**EXERCISE:**
The lines from the start of the listing through the line containing "Bum Fashion Fanny" should be printed exactly, and no other lines should be printed.

**MATERIAL FOR THE TASK:**
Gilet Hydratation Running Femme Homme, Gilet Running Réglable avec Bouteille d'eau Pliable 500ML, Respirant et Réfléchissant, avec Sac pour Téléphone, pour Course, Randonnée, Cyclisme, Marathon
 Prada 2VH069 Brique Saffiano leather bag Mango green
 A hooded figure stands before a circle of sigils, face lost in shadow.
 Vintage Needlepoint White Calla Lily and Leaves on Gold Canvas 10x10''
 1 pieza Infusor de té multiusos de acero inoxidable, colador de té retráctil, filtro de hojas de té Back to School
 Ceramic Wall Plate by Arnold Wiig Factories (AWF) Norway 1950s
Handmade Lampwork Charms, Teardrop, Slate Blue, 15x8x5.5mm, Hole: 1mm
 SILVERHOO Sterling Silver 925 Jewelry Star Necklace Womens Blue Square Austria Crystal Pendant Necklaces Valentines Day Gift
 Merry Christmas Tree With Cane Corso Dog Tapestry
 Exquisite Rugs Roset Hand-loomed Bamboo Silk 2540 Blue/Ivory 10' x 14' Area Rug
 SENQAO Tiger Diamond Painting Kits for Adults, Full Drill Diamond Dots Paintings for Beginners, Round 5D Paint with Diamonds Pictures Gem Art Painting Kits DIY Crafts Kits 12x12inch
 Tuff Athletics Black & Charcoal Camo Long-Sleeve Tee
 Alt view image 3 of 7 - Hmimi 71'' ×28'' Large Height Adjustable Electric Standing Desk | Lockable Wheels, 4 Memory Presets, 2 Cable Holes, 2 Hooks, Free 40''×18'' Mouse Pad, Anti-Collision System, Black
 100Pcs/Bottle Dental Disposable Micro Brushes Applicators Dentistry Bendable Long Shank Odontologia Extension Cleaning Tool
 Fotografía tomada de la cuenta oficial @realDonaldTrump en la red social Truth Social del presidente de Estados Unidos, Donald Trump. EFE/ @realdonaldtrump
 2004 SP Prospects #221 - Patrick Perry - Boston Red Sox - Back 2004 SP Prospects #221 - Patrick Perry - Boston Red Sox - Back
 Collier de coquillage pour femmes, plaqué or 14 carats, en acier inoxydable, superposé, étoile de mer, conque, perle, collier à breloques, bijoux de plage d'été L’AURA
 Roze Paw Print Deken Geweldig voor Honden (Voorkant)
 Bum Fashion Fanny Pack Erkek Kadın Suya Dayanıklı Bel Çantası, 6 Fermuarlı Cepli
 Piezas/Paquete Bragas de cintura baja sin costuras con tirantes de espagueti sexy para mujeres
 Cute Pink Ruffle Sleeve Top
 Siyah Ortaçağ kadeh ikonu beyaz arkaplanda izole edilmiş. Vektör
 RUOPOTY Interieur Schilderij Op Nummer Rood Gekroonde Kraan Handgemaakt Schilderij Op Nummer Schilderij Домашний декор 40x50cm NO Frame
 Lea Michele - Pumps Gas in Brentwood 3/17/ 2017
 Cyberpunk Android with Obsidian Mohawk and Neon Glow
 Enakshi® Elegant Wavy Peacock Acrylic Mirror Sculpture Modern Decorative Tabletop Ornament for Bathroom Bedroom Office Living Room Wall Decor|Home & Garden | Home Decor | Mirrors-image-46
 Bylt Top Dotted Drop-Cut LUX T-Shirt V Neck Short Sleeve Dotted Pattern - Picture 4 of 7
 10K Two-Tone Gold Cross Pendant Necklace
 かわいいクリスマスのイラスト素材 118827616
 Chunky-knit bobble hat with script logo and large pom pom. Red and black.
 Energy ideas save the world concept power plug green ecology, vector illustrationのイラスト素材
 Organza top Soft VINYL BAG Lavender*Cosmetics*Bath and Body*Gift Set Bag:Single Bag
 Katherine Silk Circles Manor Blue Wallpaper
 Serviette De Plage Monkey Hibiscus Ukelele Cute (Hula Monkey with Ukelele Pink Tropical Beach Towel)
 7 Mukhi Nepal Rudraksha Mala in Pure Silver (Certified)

**OUTPUT OF THE EXERCISE:**
Gilet Hydratation Running Femme Homme, Gilet Running Réglable avec Bouteille d'eau Pliable 500ML, Respirant et Réfléchissant, avec Sac pour Téléphone, pour Course, Randonnée, Cyclisme, Marathon
 Prada 2VH069 Brique Saffiano leather bag Mango green
 A hooded figure stands before a circle of sigils, face lost in shadow.
 Vintage Needlepoint White Calla Lily and Leaves on Gold Canvas 10x10''
 1 pieza Infusor de té multiusos de acero inoxidable, colador de té retráctil, filtro de hojas de té Back to School
 Ceramic Wall Plate by Arnold Wiig Factories (AWF) Norway 1950s
Handmade Lampwork Charms, Teardrop, Slate Blue, 15x8x5.5mm, Hole: 1mm
 SILVERHOO Sterling Silver 925 Jewelry Star Necklace Womens Blue Square Austria Crystal Pendant Necklaces Valentines Day Gift
 Merry Christmas Tree With Cane Corso Dog Tapestry
 Exquisite Rugs Roset Hand-loomed Bamboo Silk 2540 Blue/Ivory 10' x 14' Area Rug
 SENQAO Tiger Diamond Painting Kits for Adults, Full Drill Diamond Dots Paintings for Beginners, Round 5D Paint with Diamonds Pictures Gem Art Painting Kits DIY Crafts Kits 12x12inch
 Tuff Athletics Black & Charcoal Camo Long-Sleeve Tee
 Alt view image 3 of 7 - Hmimi 71'' ×28'' Large Height Adjustable Electric Standing Desk | Lockable Wheels, 4 Memory Presets, 2 Cable Holes, 2 Hooks, Free 40''×18'' Mouse Pad, Anti-Collision System, Black
 100Pcs/Bottle Dental Disposable Micro Brushes Applicators Dentistry Bendable Long Shank Odontologia Extension Cleaning Tool
 Fotografía tomada de la cuenta oficial @realDonaldTrump en la red social Truth Social del presidente de Estados Unidos, Donald Trump. EFE/ @realdonaldtrump
 2004 SP Prospects #221 - Patrick Perry - Boston Red Sox - Back 2004 SP Prospects #221 - Patrick Perry - Boston Red Sox - Back
 Collier de coquillage pour femmes, plaqué or 14 carats, en acier inoxydable, superposé, étoile de mer, conque, perle, collier à breloques, bijoux de plage d'été L’AURA
 Roze Paw Print Deken Geweldig voor Honden (Voorkant)
 Bum Fashion Fanny Pack Erkek Kadın Suya Dayanıklı Bel Çantası, 6 Fermuarlı Cepli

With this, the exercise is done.